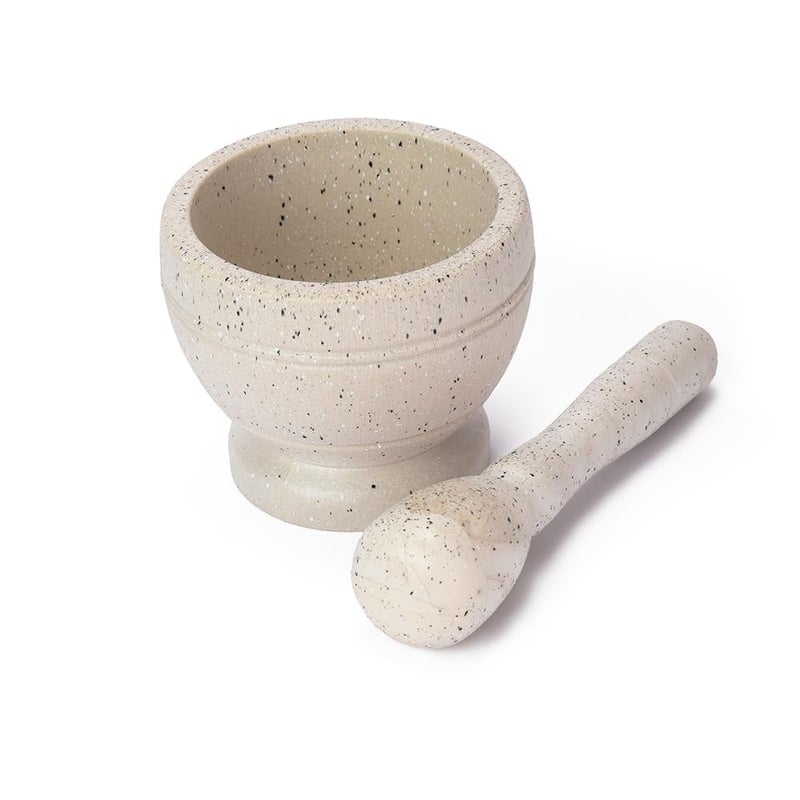 Mortar and Pestle Set, Granite-Like ABS Plastic, for Grinding and Mixing Spices and Herbs, Mortar 10 cm x 10 cm, Pestle 17 cm - Image 1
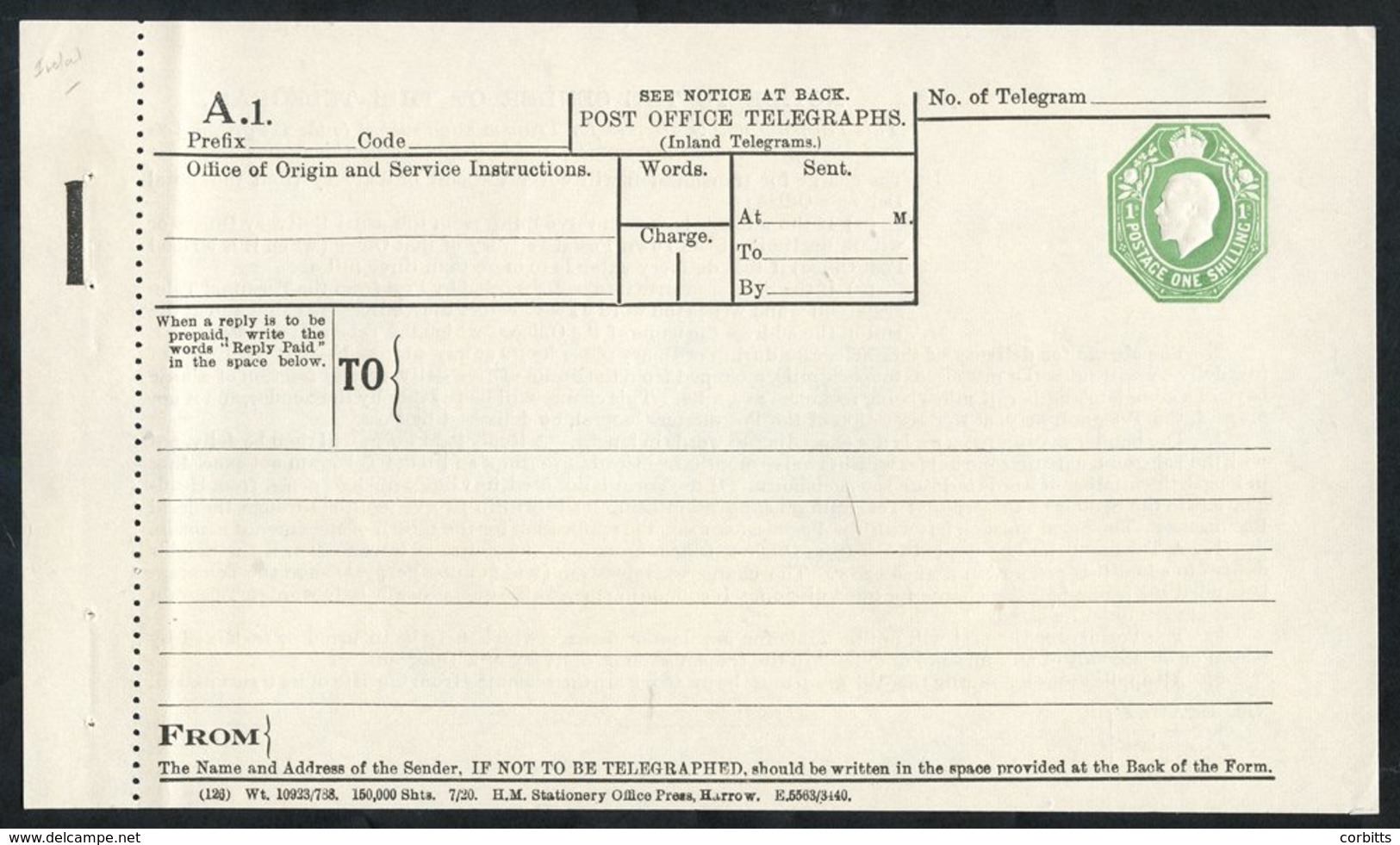 KGV Ireland P.O Telegraph 1s Green Die (TP24A) For Use In Ireland, VF & Rare. - Other & Unclassified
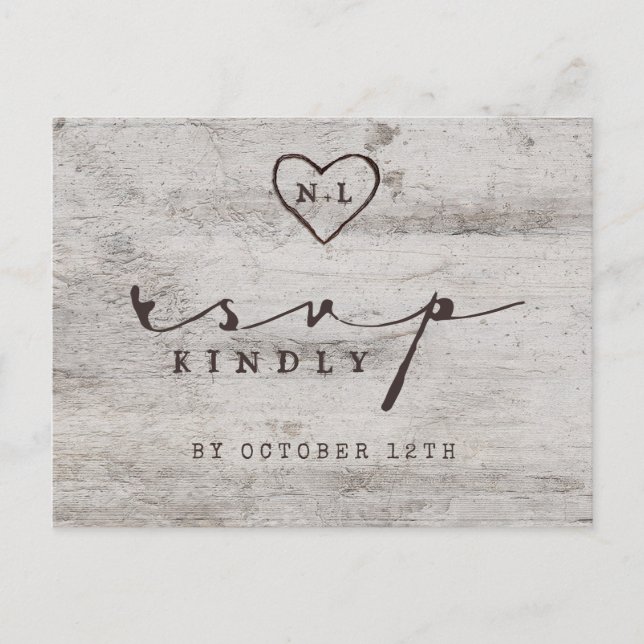 Cartão Postal Escolha rústica cinzelada RSVP da refeição do (Frente)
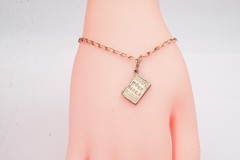 Vintage Sterling Silver 925 Bible Charm Bracelet 6.75″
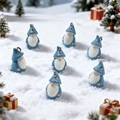 Set of seven light blue Christmas gnome pendants for DIY jewelry and holiday ornaments - AC99 / Blue Gnome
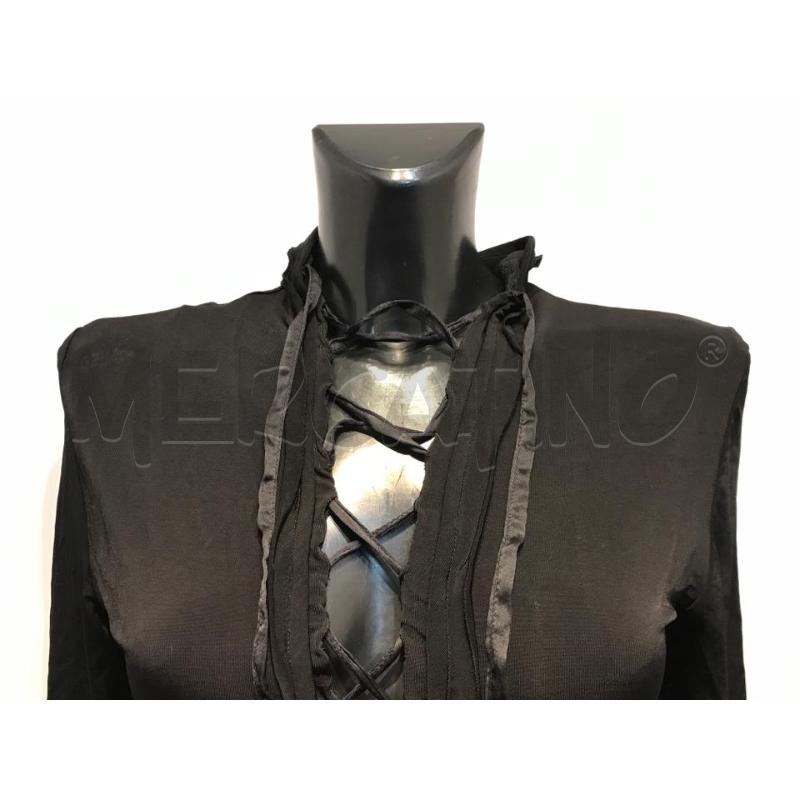 MAGLIA DONNA JUST CAVALLI NERA RETRO APERTO CON INTRCCIO  | Mercatino dell'Usato Moncalieri bengasi 3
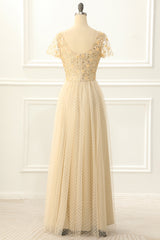 Homecoming Dresses Simple, A Line Tulle Sequins Prom Dress with Appliques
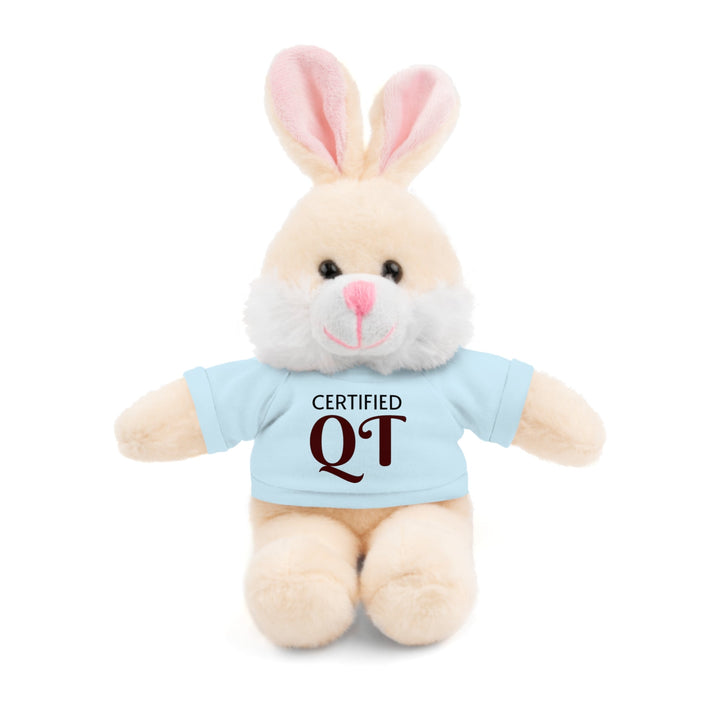 Certified QT Stuffed Animal - Cuddly Plush Bear with Adorable Tee - Light Blue / Bunny / 8’’ - Accessories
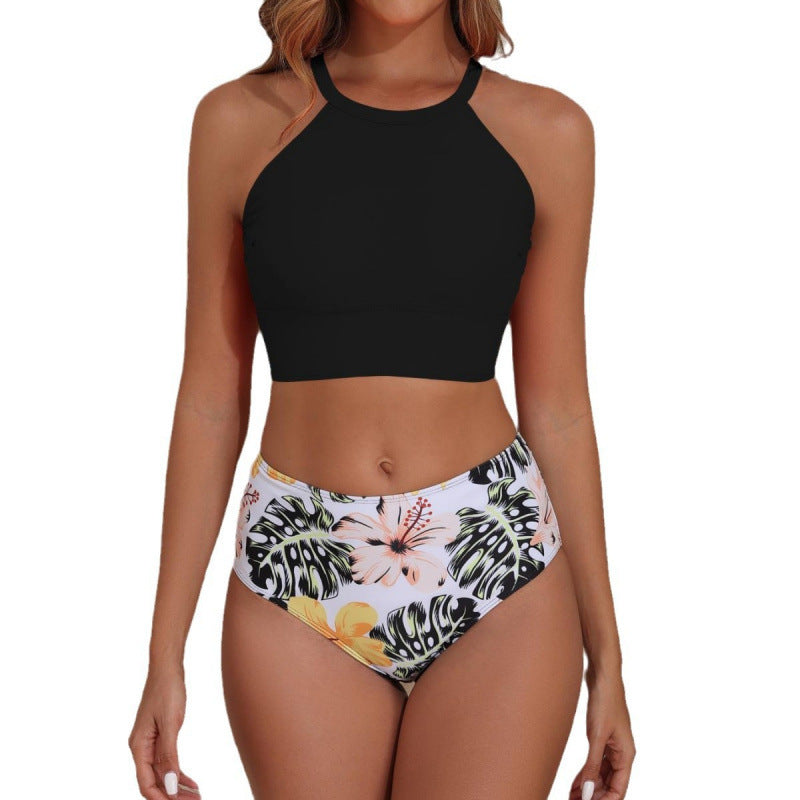 Swimsuit top with high collar and floral high-waisted bottoms, size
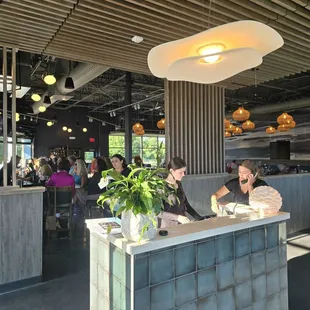 Hostess station and main restaurant area
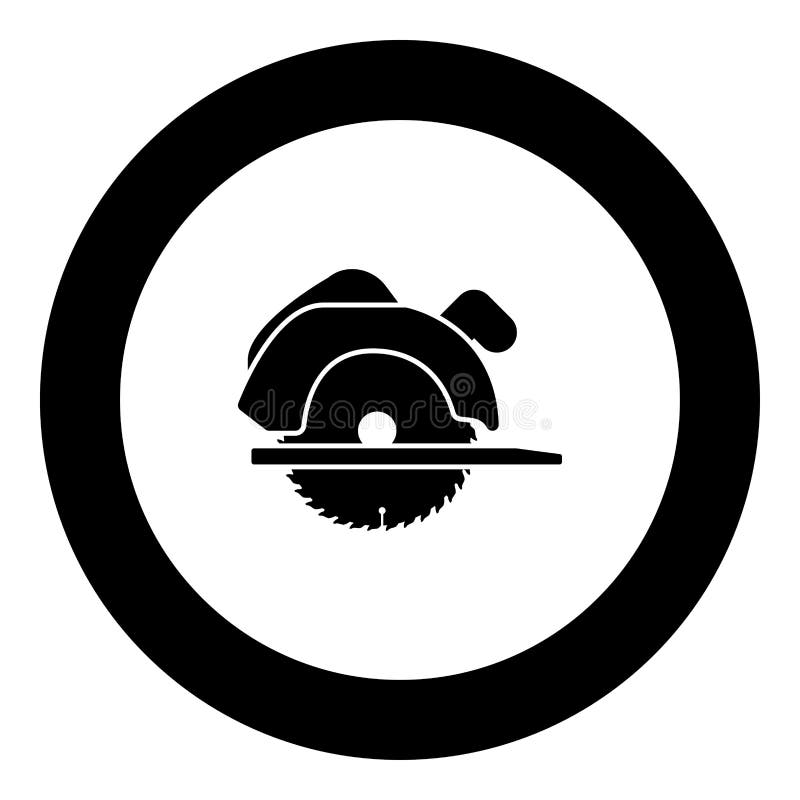 A circular manual viu a cor preta do ícone no círculo redondo ilustração stock A circular manual viu a cor preta do ícone no círculo redondo ilustração stock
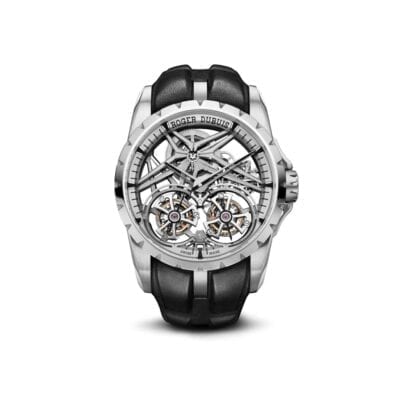 Roger Dubuis Excalibur Doble Tourbillon Volante Esqueletizado frontal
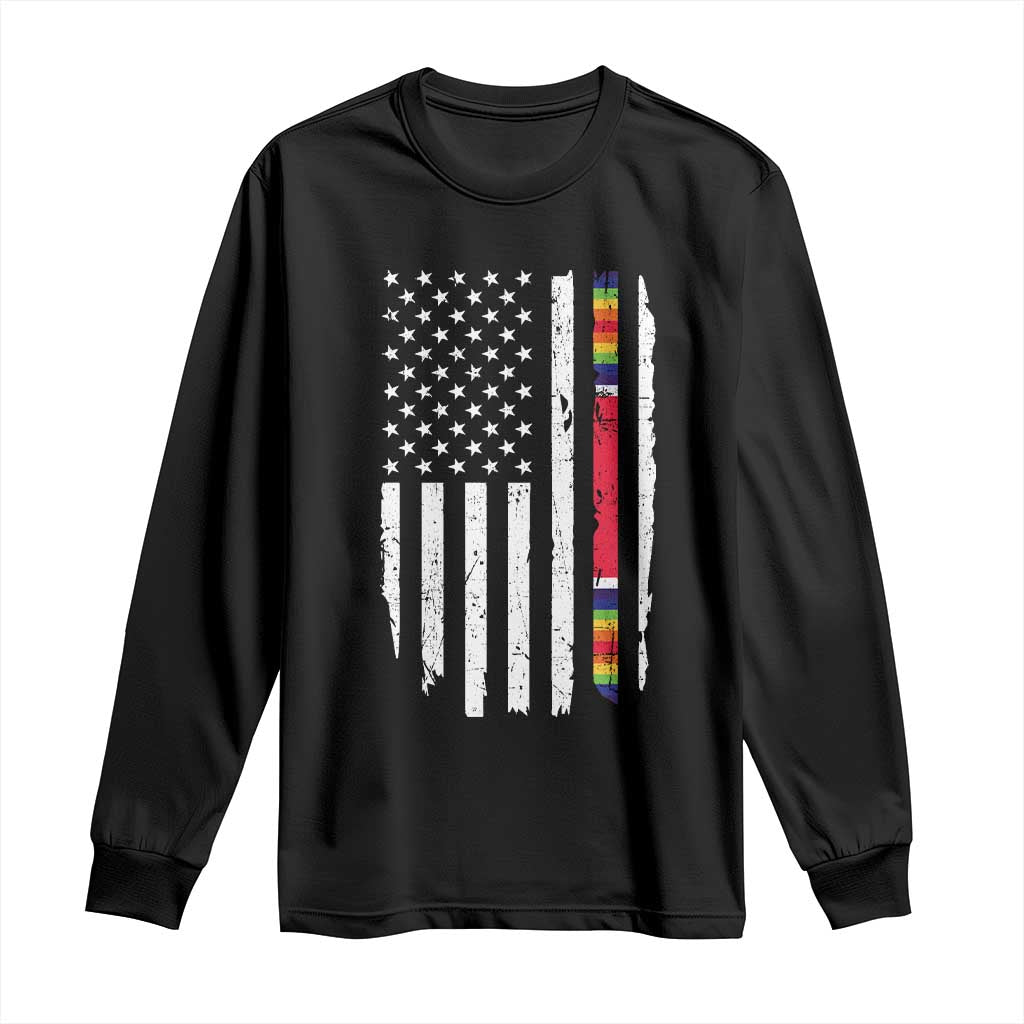 WW2 World War II Vintage American Flag Long Sleeve Shirt - Wonder Print Shop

Exercise brief: Please restate each entry exactly, but drop any picture it holds.

Result of the task:
 Mortar and Pestle Set, Granite-Like ABS Plastic, for Grinding and Mixing Spices and Herbs, Mortar 10 cm x 10 cm, Pestle 17 cm - Image 1
 KGV Ireland P.O Telegraph 1s Green Die (TP24A) For Use In Ireland, VF & Rare. - Other & Unclassified
 Cartão Postal Escolha rústica cinzelada RSVP da refeição do (Frente)
 Vintage Sterling Silver 925 Bible Charm Bracelet 6.75″
 Set of seven light blue Christmas gnome pendants for DIY jewelry and holiday ornaments - AC99 / Blue Gnome
 MAGLIA DONNA JUST CAVALLI NERA RETRO APERTO CON INTRCCIO  | Mercatino dell'Usato Moncalieri bengasi 3
 Homecoming Dresses Simple, A Line Tulle Sequins Prom Dress with Appliques
 Certified QT Stuffed Animal - Cuddly Plush Bear with Adorable Tee - Light Blue / Bunny / 8’’ - Accessories
 Swimsuit top with high collar and floral high-waisted bottoms, size
 Hostess station and main restaurant area
 A circular manual viu a cor preta do ícone no círculo redondo ilustração stock A circular manual viu a cor preta do ícone no círculo redondo ilustração stock
 Roger Dubuis Excalibur Doble Tourbillon Volante Esqueletizado frontal
 WW2 World War II Vintage American Flag Long Sleeve Shirt - Wonder Print Shop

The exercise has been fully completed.